Keshav Cement: Green Growth and Debt Reduction

  • FY26 Expected EBITDA: INR 55-60 crores (revised from INR 70-75 crores)
  • FY26 Expected EBITDA Margin: 25-30%
  • FY27 Expected EBITDA: Over INR 100 crores (at 65-70% cement capacity utilization)
  • Cement Capacity Utilization Target (FY26): 45%, rising to 55-60% (FY27) and 70% (FY28)
  • Solar Power Capacity: Current 40 MW, future expansion to 70 MW considered.
  • Debt Repayment (FY26): INR 25.8 crores (highest liability year)
  • Debt Repayment (FY27): INR 20-21 crores
  • New Cement Plant Stabilization: Expected by end of Q2 FY26.
  • RMC Plant: Delayed to Q3 FY26, pending cement plant stabilization.

Shri Keshav Cements & Infra Ltd. reported a significant 32.53% year-on-year income growth for Q1 FY'26, reaching INR41.4 crores. This robust performance, driven by new kiln capacity and solar contributions, sets a positive tone for the company's ambitious forward-looking guidance, emphasizing strategic growth, improved profitability, and disciplined debt management.

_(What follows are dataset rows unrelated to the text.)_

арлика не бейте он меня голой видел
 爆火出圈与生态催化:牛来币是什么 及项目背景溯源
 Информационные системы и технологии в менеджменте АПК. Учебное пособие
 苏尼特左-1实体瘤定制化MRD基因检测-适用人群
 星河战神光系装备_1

Cementing Growth: Capacity and Profit Targets

Shri Keshav Cements & Infra Ltd. has successfully commissioned a new kiln, increasing its cement capacity from 0.36 million tons to 1 million tons. For Q1 FY'26, the company reported a total income growth of 32.53% year-on-year to INR41.4 crores, with EBITDA rising to INR10.41 crores, reflecting a 25.5% margin. The new kiln contributed to an improved EBITDA per metric ton of INR365, the highest since inception, up from less than INR100 last year. The management aims to stabilize the new plant and reach approximately 45% capacity utilization in FY'26, gradually increasing to 55-60% in FY'27 and 70% in the following year. While the EBITDA guidance for FY'26 has been revised to INR55-60 crores from an earlier INR70-75 crores due to initial ramp-up challenges, the company projects over INR100 crores in EBITDA by FY'27 with 65-70% capacity utilization. The company stated,

"EBITDA per ton for this quarter, we realized around INR365 per metric ton, which is the highest since inception so far."

Powering Ahead: Solar, Debt, and Future Ventures

The company's solar operations continue to be a significant contributor to profitability. With a current capacity of 40 megawatts, solar power accounted for INR7.8 crores of EBITDA in Q1 FY'26, surpassing cement's contribution of INR3.2 crores. The management is considering expanding solar capacity by another 30 megawatts in the future, post-cement plant stabilization. Financially, Shri Keshav Cements & Infra Ltd. is focused on debt reduction. The company expects FY'26 to have the highest repayment liability at INR25.8 crores, which is projected to decrease to INR20-21 crores in FY'27 and further to less than INR15 crores from FY'28 onwards. This disciplined approach is expected to lead to approximately INR70 crores of debt repayment over the next three years. The company is also evaluating a Ready Mix Concrete (RMC) plant venture, with land already acquired, planning to initiate the project after the cement plant achieves full stabilization, expected by the end of Q2 or early Q3 FY'26. This vertical integration is anticipated to yield better margins by utilizing internal cement production.

Shri Keshav Cements & Infra Ltd. is poised for significant growth, driven by enhanced cement capacity utilization and strong solar contributions. Despite initial ramp-up challenges, the company anticipates reaching higher EBITDA margins and effectively managing debt. The strategic focus on operational efficiency, market penetration, and potential diversification into RMC positions Keshav Cement for sustained financial strength and market leadership in the coming years.